- Author: saeta@cs.stanford.edu
- Project started: December 2011
This is a project to re-implement a frustrating assignment in C++ for Professor Cheriton's class (CS249A at Stanford).
Tickets, and other tracking information available on PivotalTracker. I've been playing around and am using that for the time being. Unfortunately, while it has better features than the GitHub tracker, it doesn't have as nice integration. So my quest for the ideal project management system continues...
This code is, unfortunately, not my best. Please don't judge me! This is my first serious foray into Scala, and I'm re-implementing just for fun.
Inspiration for the actors and concurrency parts of this have been taken from Programming In Scala, 1st Edition by Martin Odersky.

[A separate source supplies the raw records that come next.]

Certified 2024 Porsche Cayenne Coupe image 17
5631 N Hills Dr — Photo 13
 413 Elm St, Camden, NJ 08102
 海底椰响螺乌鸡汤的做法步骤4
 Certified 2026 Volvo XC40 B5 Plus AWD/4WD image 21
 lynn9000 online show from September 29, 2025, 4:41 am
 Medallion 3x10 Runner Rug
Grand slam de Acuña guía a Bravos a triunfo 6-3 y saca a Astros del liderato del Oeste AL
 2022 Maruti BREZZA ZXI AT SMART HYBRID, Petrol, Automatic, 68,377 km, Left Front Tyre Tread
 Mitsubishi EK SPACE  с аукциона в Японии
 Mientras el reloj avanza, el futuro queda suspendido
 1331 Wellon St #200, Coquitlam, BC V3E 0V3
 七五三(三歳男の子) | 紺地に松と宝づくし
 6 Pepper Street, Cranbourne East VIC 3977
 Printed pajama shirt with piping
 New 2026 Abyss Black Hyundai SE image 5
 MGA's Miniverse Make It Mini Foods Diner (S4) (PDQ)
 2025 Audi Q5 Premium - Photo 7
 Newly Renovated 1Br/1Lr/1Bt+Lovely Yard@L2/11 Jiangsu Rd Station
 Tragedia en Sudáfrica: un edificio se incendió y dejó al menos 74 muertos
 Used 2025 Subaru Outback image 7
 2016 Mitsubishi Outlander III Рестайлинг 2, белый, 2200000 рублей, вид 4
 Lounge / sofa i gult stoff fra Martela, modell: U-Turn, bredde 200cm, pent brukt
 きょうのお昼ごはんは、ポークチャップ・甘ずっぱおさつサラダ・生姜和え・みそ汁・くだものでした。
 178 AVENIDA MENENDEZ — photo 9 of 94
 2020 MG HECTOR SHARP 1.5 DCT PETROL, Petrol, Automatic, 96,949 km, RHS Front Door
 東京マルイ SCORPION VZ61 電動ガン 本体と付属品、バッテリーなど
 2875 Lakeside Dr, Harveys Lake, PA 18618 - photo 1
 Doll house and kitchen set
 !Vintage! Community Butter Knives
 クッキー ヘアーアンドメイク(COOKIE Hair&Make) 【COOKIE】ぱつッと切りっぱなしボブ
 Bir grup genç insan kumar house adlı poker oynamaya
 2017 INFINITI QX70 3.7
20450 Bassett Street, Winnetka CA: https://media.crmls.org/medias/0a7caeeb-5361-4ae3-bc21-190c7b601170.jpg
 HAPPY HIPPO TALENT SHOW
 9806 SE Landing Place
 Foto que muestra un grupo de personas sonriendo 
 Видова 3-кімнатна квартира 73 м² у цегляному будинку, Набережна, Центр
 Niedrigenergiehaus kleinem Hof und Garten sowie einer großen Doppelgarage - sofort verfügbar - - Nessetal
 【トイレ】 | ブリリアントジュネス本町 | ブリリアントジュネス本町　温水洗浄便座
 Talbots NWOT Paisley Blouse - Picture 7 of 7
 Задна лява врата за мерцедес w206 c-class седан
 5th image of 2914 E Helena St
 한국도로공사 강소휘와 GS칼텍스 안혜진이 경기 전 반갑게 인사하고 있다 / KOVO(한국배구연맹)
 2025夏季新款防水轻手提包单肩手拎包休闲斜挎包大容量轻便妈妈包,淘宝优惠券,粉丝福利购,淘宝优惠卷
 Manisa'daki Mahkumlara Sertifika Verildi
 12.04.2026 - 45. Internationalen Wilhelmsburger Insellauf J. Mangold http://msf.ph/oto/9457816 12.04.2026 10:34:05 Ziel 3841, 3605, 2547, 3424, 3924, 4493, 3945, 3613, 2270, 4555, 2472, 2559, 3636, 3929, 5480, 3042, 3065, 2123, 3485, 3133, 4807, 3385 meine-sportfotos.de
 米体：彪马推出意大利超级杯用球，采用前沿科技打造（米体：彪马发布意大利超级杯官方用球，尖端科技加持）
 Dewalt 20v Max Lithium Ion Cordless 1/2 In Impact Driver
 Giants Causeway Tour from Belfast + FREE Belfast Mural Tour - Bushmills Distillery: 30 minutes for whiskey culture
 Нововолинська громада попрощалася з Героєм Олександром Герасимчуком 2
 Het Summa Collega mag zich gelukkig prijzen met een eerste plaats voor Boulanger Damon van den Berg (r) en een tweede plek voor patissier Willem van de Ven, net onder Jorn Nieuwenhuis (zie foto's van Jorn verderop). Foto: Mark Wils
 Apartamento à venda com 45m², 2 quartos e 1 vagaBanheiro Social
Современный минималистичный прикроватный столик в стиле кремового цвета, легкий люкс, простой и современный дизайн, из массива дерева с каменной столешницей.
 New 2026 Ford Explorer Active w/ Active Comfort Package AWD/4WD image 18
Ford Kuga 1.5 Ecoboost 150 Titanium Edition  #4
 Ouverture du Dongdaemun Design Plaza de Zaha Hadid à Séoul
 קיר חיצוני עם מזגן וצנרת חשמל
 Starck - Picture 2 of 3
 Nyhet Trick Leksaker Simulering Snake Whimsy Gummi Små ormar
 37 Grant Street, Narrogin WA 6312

In Fall 2011, I took CS249A. The second two assignments (which I have named assignments 1 and 2) were very tiresome and frustrating to write. One of the reasons they were so frustrating is because they were implemented in C++, in a special Cheriton style. In sum, the two assignments took about 8,000 lines of C++ to fully implement. I found myself very frustrated with the methodology used in the class.
The class raised very important points vis-a-vis software engineering. I considered issues I hadn't taken much thought before. Professor Cheriton is absolutely right in bringing these issues up, and trying to come up with a workable methodology. I simply don't think he has the right solution, yet. After a productive 45 minute chat on the last day of class, I decided to re-implement the assignments in Scala using Actors, to see if that yielded a more satisfactory software engineering experience. This is the fruit of that labor.
The assignment is sourced from the CS249A website I have copied it down into the assignment directory so that the assignment details last beyond the quarter in which I took CS249A. (Note: the web pages were available to the public, and were not behind Web-Auth, so I feel justified storing them in this repository. Accessed: 1:10am 12/25/11)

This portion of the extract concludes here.